**EXERCISE INPUTS**
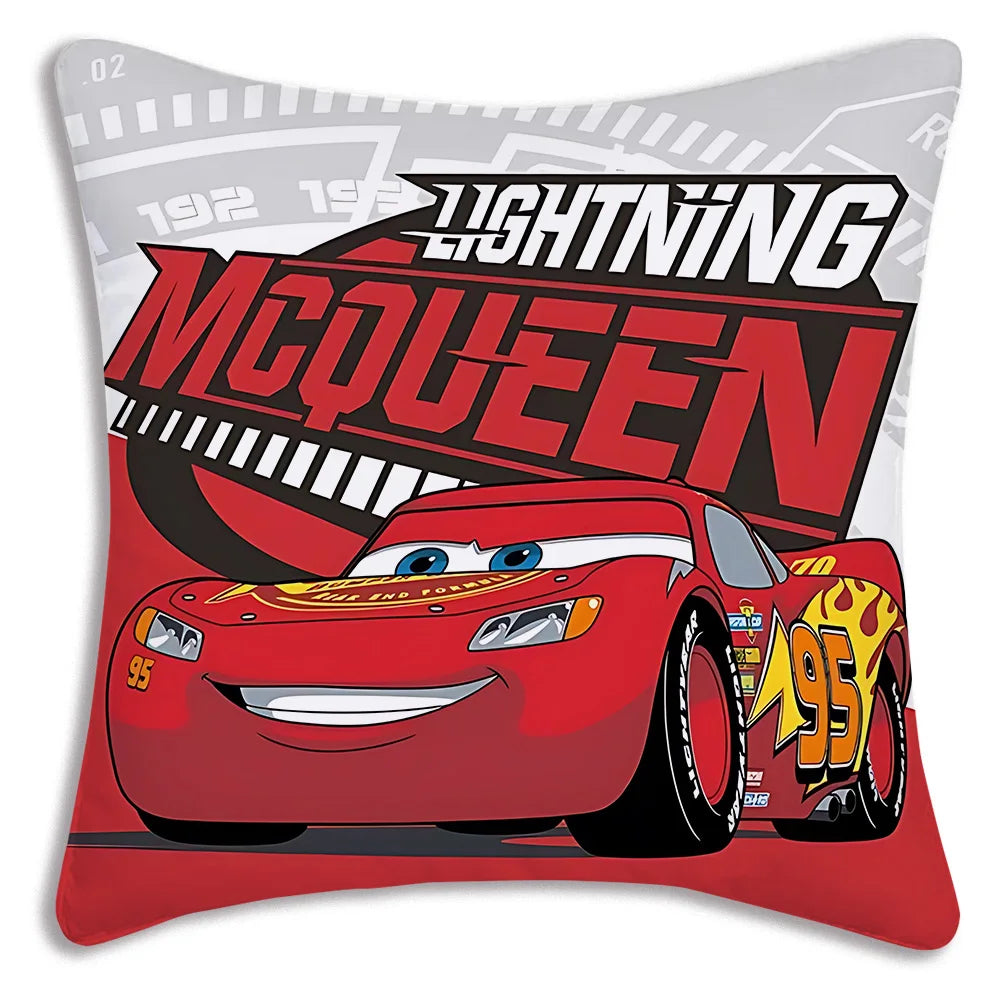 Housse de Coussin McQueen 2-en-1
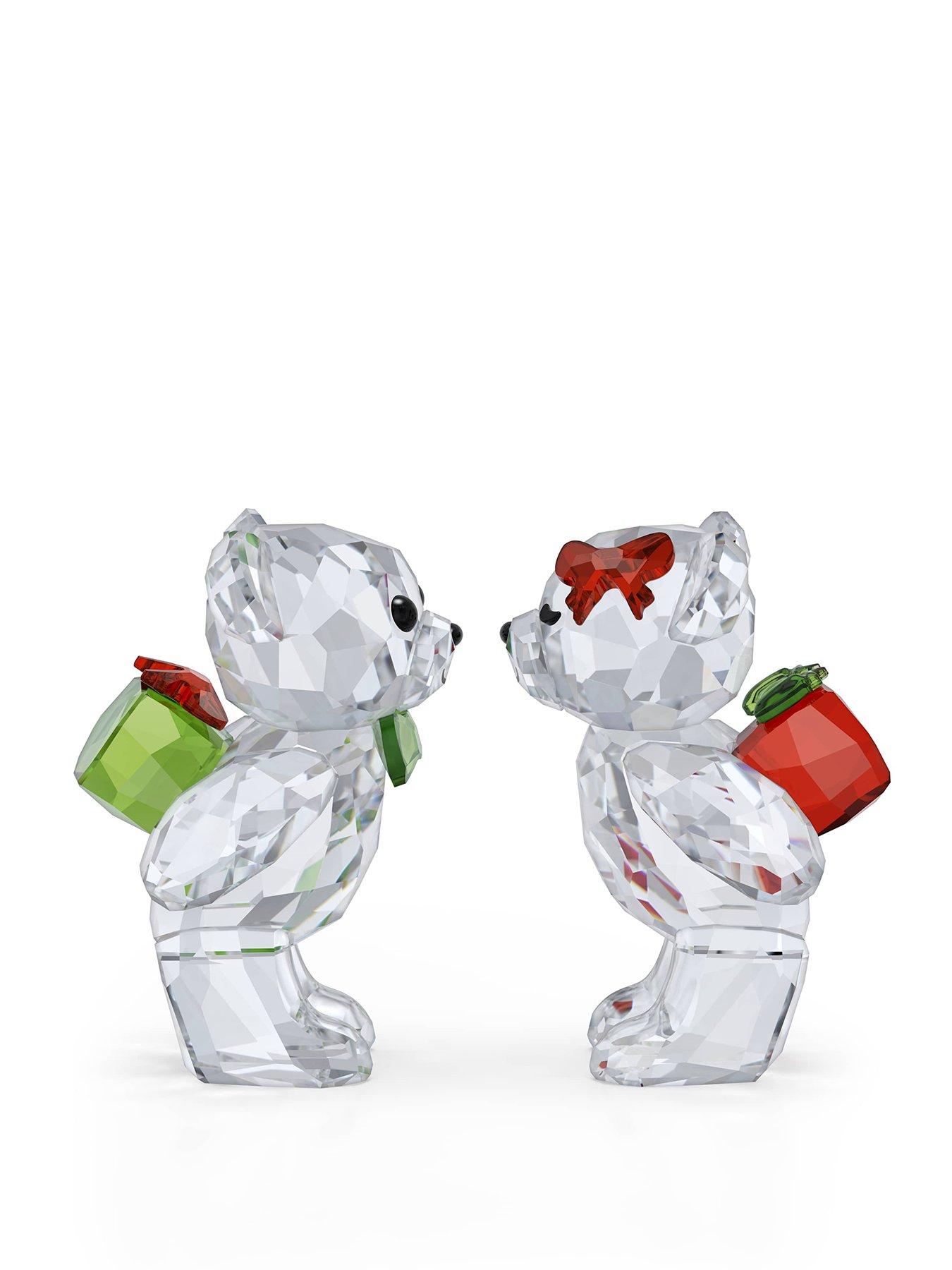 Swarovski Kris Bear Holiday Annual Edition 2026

...

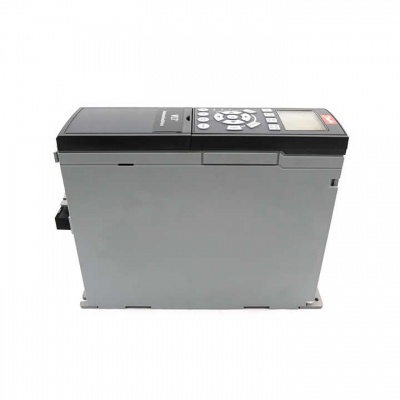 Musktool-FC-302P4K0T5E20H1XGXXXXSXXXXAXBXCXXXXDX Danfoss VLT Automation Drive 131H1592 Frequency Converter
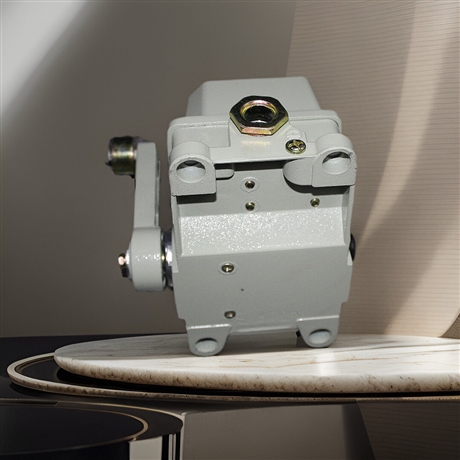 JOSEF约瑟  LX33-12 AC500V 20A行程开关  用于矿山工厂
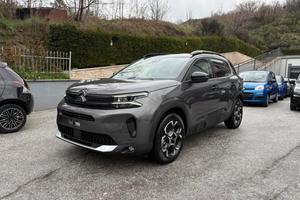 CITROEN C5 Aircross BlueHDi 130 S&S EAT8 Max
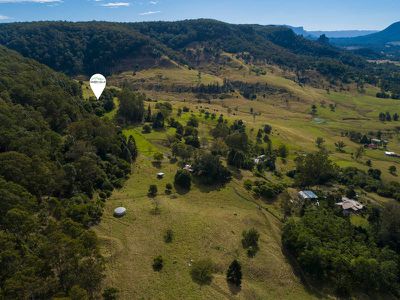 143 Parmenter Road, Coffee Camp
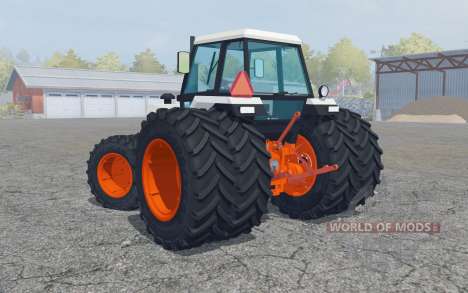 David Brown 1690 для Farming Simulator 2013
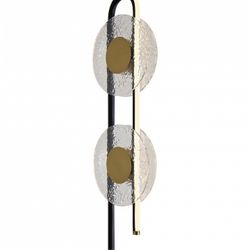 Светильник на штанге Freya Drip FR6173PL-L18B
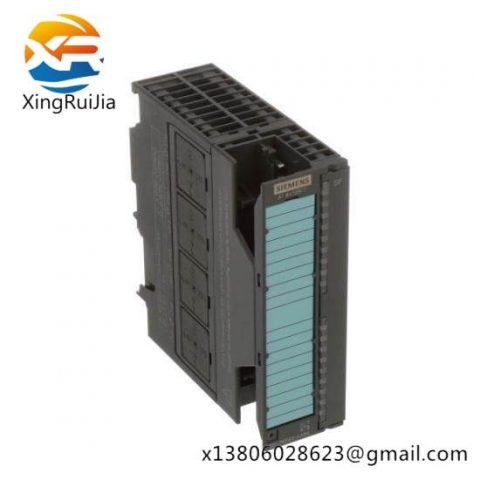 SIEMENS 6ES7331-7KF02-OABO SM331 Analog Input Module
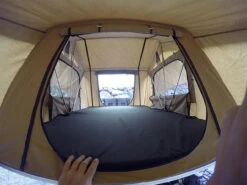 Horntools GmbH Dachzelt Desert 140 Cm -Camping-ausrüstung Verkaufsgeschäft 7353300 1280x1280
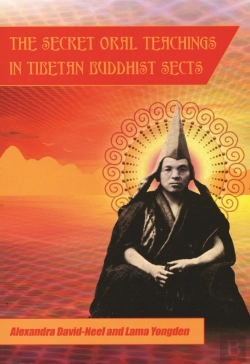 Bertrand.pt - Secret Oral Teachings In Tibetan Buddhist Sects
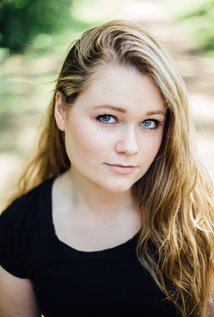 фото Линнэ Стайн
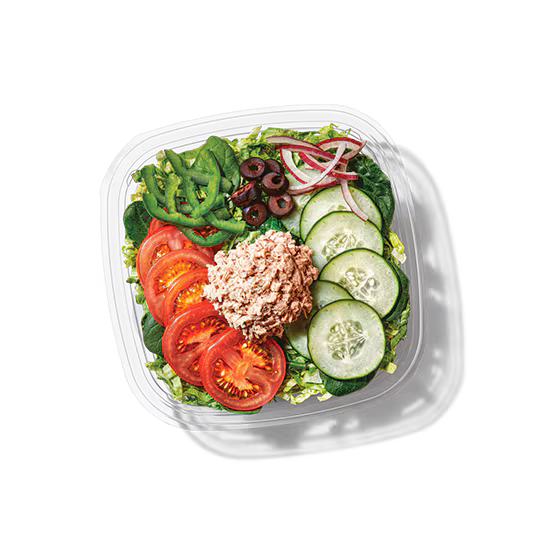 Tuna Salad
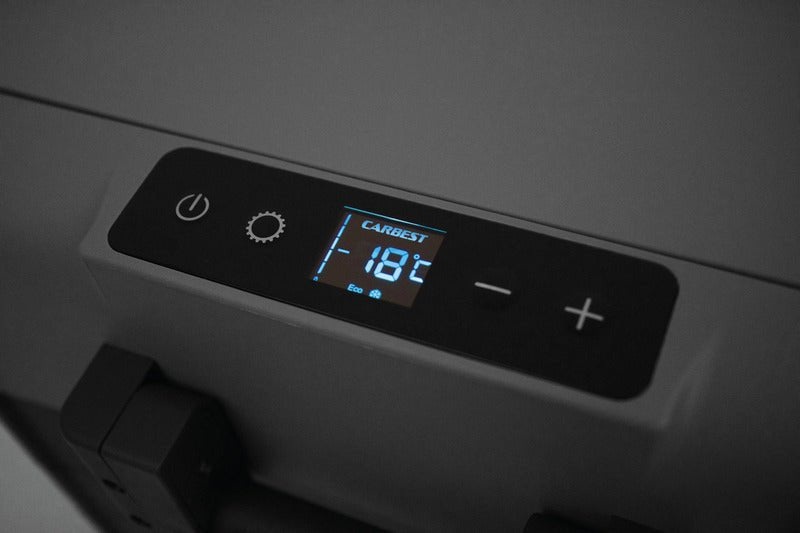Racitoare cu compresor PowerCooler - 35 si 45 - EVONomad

...

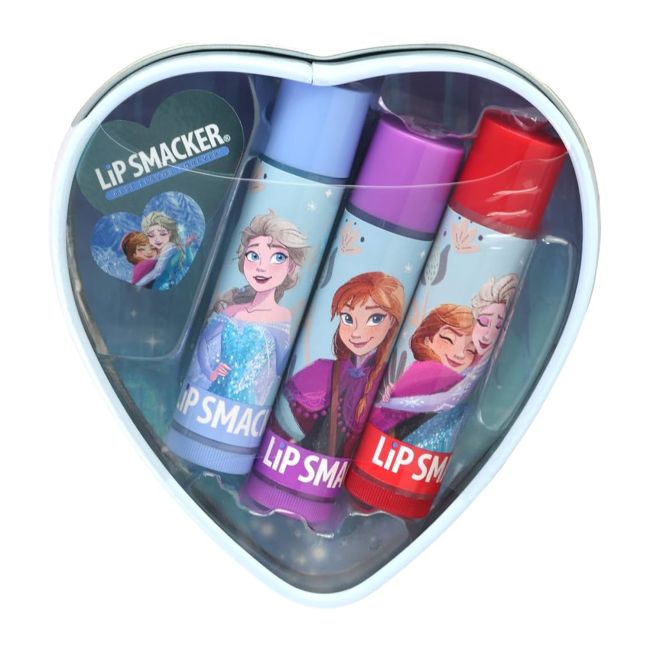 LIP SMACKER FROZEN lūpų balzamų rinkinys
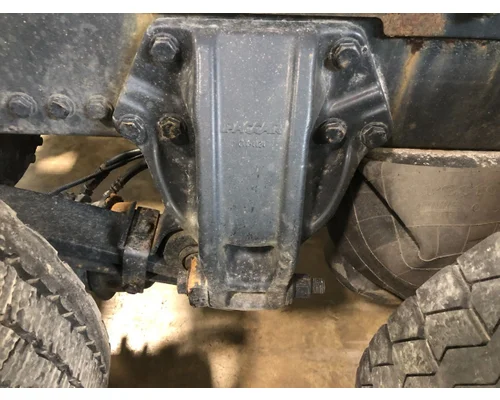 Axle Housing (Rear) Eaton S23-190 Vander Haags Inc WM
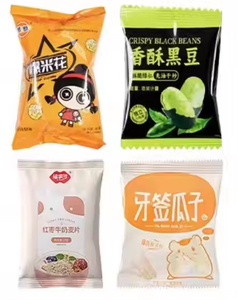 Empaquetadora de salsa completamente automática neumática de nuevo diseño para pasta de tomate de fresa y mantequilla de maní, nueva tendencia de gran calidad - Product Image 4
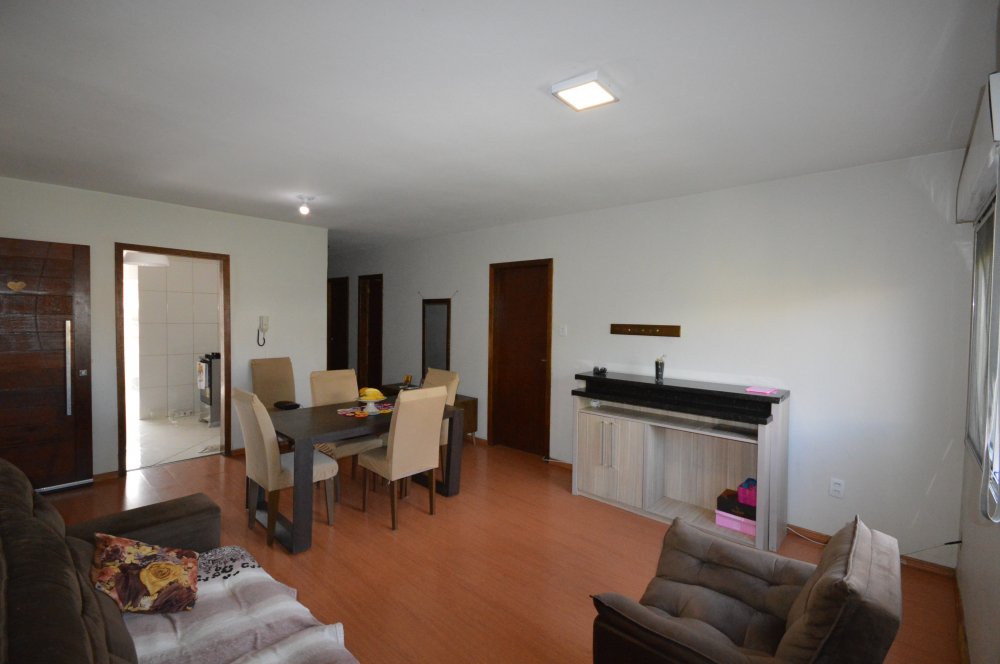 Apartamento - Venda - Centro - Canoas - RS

**TASK TO COMPLETE**
What is needed is an exact copy of the lines above from the one with "LX33-12 AC500V 20A行程开关" to the one with "Racitoare cu compresor", both ends kept, and nothing more; please leave the pictures out.

**YOUR SOLUTION**
 JOSEF约瑟  LX33-12 AC500V 20A行程开关  用于矿山工厂
 CITROEN C5 Aircross BlueHDi 130 S&S EAT8 Max
 143 Parmenter Road, Coffee Camp
 David Brown 1690 для Farming Simulator 2013
 Светильник на штанге Freya Drip FR6173PL-L18B
 SIEMENS 6ES7331-7KF02-OABO SM331 Analog Input Module
 Horntools GmbH Dachzelt Desert 140 Cm -Camping-ausrüstung Verkaufsgeschäft 7353300 1280x1280
 Bertrand.pt - Secret Oral Teachings In Tibetan Buddhist Sects
 фото Линнэ Стайн
 Tuna Salad
Racitoare cu compresor PowerCooler - 35 si 45 - EVONomad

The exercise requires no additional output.